Aldo Aniasi: Ne valeva la pena?

Uno dei protagonisti della Repubblica dell’Ossola, il comandante “Iso”, cioè Aldo Aniasi, poi diventato ministro della Repubblica italiana e per molti anni sindaco di Milano, quaranta anni dopo scrive un libro dal titolo eloquente: “Ne valeva la pena”. Molti se la sono posta, quella domanda, e le risposte sono arrivate presto. Già il colonnello Curreno Delle Torri traendo un bilancio in una relazione scritta subito dopo la fine della guerra, affermava con fermezza che se dal punto di vista militare la liberazione dell’Ossola si poteva considerare errata, era stata invece utile dal punto di vista politico: in primo luogo aveva costretto il nemico a concentrare notevoli forze “contro di noi, che allora eravamo solo quattro gatti”, togliendole da altri fronti in un momento molto delicato, favorendo perciò l’azione militare degli alleati; in secondo luogo, aveva attirato l’attenzione sia degli italiani, fascisti e antifascisti, sia degli alleati, sul movimento partigiano ormai tanto forte da potersi permettere di liberare delle zone e governarle in maniera democratica; e infine aveva incoraggiato coloro che ancora dubitavano, spingendoli a disertare dalle fila nazifasciste, o a sottrarsi ai bandi di reclutamento per le unità militari o per il lavoro civile.
Si spinge più a fondo l’analisi di Guido Petter, “Renzo”, allora giovanissimo partigiano della Decima Brigata “Rocco” e poi docente universitario.
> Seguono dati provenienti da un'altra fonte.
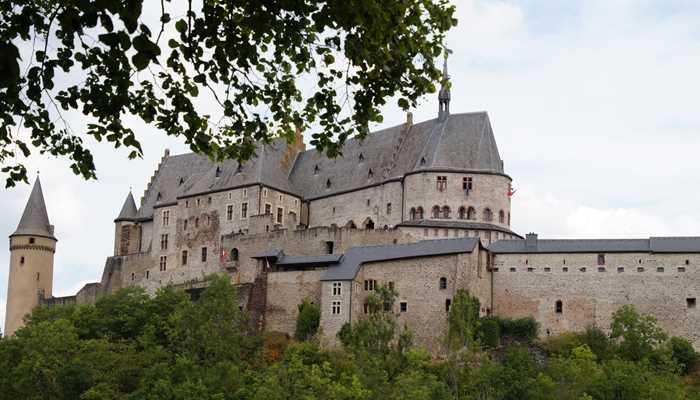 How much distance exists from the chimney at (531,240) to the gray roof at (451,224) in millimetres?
6957

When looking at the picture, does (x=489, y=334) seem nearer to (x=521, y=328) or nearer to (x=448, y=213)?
(x=521, y=328)

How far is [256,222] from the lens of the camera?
7506cm

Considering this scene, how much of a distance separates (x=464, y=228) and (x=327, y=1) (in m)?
58.5

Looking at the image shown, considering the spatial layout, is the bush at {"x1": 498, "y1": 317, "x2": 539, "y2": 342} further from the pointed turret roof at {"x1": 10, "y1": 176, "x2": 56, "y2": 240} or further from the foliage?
the pointed turret roof at {"x1": 10, "y1": 176, "x2": 56, "y2": 240}

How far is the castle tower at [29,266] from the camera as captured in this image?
85938 millimetres

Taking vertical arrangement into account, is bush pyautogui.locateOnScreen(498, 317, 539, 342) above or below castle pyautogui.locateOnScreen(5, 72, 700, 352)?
below

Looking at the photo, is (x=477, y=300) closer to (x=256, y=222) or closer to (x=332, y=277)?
(x=332, y=277)

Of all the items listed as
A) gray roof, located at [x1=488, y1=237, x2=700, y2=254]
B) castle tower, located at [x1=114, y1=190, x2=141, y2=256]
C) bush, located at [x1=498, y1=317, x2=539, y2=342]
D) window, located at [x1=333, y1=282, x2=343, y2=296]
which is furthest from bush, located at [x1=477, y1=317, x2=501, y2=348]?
castle tower, located at [x1=114, y1=190, x2=141, y2=256]

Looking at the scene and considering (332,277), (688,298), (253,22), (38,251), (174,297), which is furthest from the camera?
(38,251)

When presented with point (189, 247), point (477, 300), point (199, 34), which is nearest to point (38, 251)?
point (189, 247)

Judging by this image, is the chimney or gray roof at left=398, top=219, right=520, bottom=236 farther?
gray roof at left=398, top=219, right=520, bottom=236

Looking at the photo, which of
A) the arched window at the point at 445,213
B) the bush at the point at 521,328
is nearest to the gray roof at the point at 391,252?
the bush at the point at 521,328

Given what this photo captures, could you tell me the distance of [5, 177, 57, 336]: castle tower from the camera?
85.9 m

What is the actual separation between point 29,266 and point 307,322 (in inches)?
1281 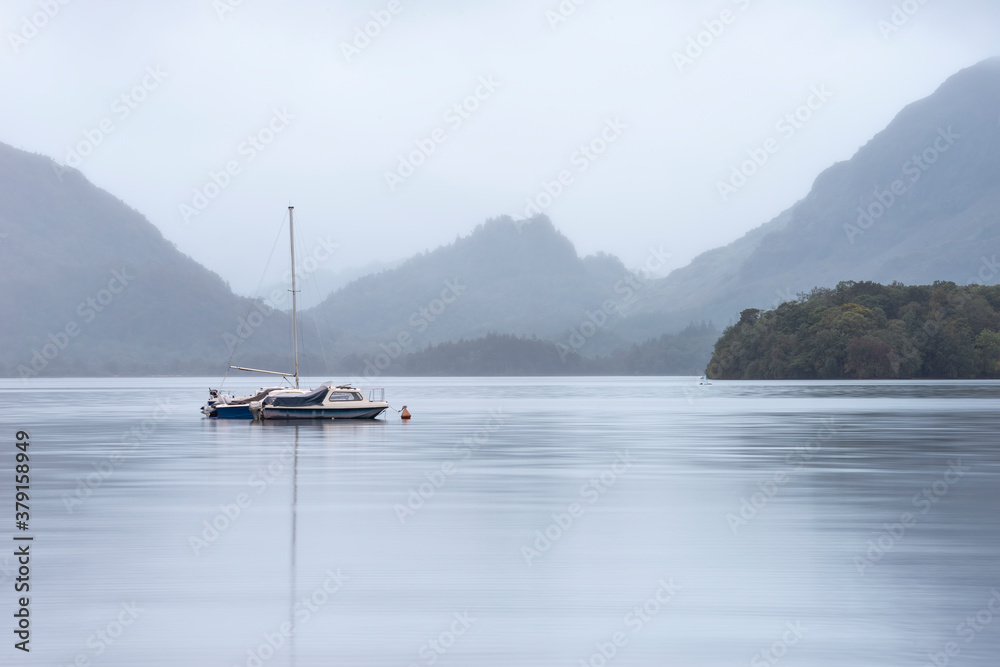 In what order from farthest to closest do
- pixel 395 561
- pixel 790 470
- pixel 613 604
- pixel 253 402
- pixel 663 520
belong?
pixel 253 402, pixel 790 470, pixel 663 520, pixel 395 561, pixel 613 604

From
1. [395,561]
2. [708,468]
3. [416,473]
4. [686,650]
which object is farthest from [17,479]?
[686,650]

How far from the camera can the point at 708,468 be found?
3591 cm

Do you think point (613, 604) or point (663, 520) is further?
point (663, 520)

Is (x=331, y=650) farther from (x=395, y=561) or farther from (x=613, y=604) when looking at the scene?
(x=395, y=561)

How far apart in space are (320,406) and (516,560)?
58.7 m

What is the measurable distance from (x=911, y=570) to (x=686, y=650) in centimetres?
618

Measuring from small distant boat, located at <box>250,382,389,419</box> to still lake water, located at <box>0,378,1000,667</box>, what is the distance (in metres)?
34.5

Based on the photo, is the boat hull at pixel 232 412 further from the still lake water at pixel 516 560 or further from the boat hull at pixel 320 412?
the still lake water at pixel 516 560

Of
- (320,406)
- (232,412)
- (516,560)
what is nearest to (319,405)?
(320,406)

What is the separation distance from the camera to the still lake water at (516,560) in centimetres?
1312

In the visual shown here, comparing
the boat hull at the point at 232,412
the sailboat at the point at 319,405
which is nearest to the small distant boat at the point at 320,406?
the sailboat at the point at 319,405

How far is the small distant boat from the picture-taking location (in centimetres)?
7600

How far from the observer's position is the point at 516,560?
1875cm

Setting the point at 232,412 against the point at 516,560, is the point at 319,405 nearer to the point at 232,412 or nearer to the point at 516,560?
the point at 232,412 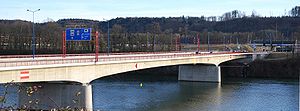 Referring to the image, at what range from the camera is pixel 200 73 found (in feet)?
227

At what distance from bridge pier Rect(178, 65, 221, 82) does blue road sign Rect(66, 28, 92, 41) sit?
3011cm

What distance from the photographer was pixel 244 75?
78.9 m

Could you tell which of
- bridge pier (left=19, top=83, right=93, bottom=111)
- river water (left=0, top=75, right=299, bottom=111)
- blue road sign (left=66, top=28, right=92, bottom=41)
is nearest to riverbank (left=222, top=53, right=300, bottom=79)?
river water (left=0, top=75, right=299, bottom=111)

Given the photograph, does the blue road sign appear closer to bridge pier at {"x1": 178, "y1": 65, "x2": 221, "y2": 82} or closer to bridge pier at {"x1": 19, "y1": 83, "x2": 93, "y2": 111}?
bridge pier at {"x1": 19, "y1": 83, "x2": 93, "y2": 111}

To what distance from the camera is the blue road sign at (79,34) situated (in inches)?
1654

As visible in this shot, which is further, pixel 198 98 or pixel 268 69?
pixel 268 69

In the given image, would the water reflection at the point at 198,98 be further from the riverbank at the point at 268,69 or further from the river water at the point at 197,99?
the riverbank at the point at 268,69

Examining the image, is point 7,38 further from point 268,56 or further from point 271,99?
point 271,99

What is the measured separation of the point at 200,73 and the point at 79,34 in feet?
102

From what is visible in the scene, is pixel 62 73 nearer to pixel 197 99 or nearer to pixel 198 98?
pixel 197 99

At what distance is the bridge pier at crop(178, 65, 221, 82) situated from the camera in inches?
2682

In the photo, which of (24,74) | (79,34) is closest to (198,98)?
(79,34)

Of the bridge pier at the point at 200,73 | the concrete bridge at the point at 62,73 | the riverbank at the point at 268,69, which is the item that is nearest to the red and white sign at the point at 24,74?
the concrete bridge at the point at 62,73

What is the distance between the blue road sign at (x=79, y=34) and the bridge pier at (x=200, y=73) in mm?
30114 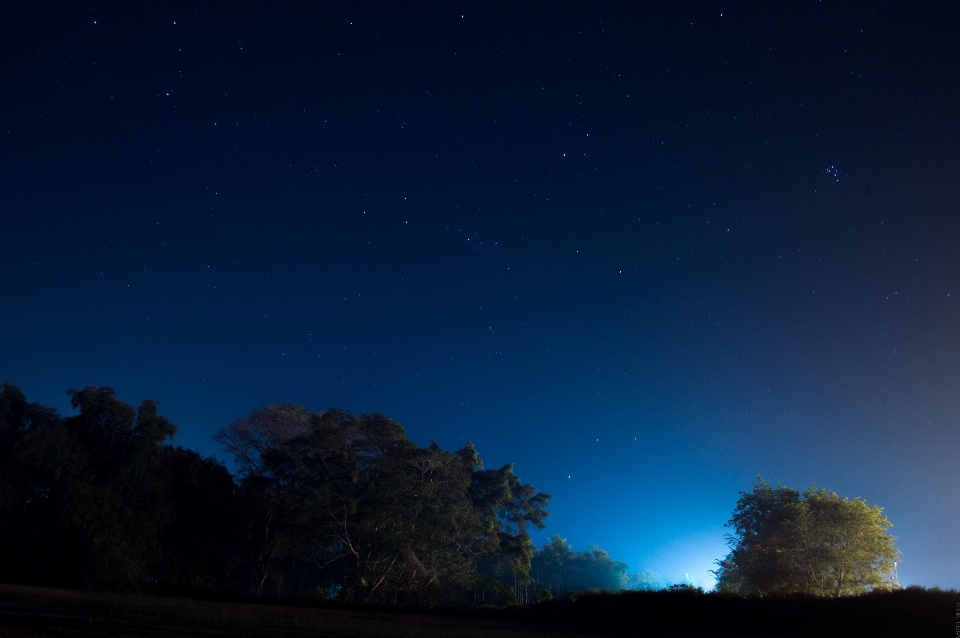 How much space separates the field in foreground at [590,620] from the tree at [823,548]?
778 inches

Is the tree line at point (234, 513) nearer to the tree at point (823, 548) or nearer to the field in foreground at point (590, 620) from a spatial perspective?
the field in foreground at point (590, 620)

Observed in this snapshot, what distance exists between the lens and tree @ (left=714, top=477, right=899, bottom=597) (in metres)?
37.7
Coloro che combattevano nelle formazioni partigiane non intendevano solo cacciare i tedeschi e accelerare la fine della guerra; ma, sottolinea Petter,

erano anche animati dalla volontà di costruire uno Stato nuovo, non solo radicalmente diverso da quello fascista, ma diverso anche da quello prefascista, uno Stato fondato sulla libertà politica di tutti… sulla solidarietà, sul lavoro, su una maggiore giustizia sociale, sul diritto per tutti all’istruzione, sul rifiuto delle discriminazioni di sesso, di razza, di religione, sulla pace… Di queste cose si discuteva con frequenza nelle nostre formazioni garibaldine (e io stesso le affrontavo nel giornaletto di brigata scritto a macchina e diffuso in poche copie, di cui ero responsabile…).
Questi principi hanno ispirato la breve esperienza della repubblica ossolana e sono poi stati trasfusi nella nostra Costituzione. Ma non si tratta solo di un’eredità politica. Da quella esperienza ci è derivata anche una grande eredità morale: anzitutto la capacità di indignarsi di fronte al sopruso e all’ingiustizia: se allora si trattava dell’oppressione nazifascista, della persecuzione degli ebrei, dei saccheggi e delle stragi, oggi sono la corruzione, la violenza mafiosa, il razzismo; poi la capacità di reagire, mettendosi in moto spontaneamente, collegandosi, organizzandosi, trovando le forme di lotta più adatte ai tempi e alle circostanze: ieri la cospirazione, la via della montagna, oggi le autostrade immateriali di internet; e infine la costanza, la capacità di “non mollare” – un tempo il titolo di un giornale dell’antifascismo, diretto dai fratelli Rosselli – neppure quando tutto sembra perduto, senza smettere mai di operare e di resistere con tenacia e attiva fiducia.

E’ questa l’eredità fondamentale che ci giunge da quella ormai lontana esperienza: e in questo senso, “ne valeva la pena”.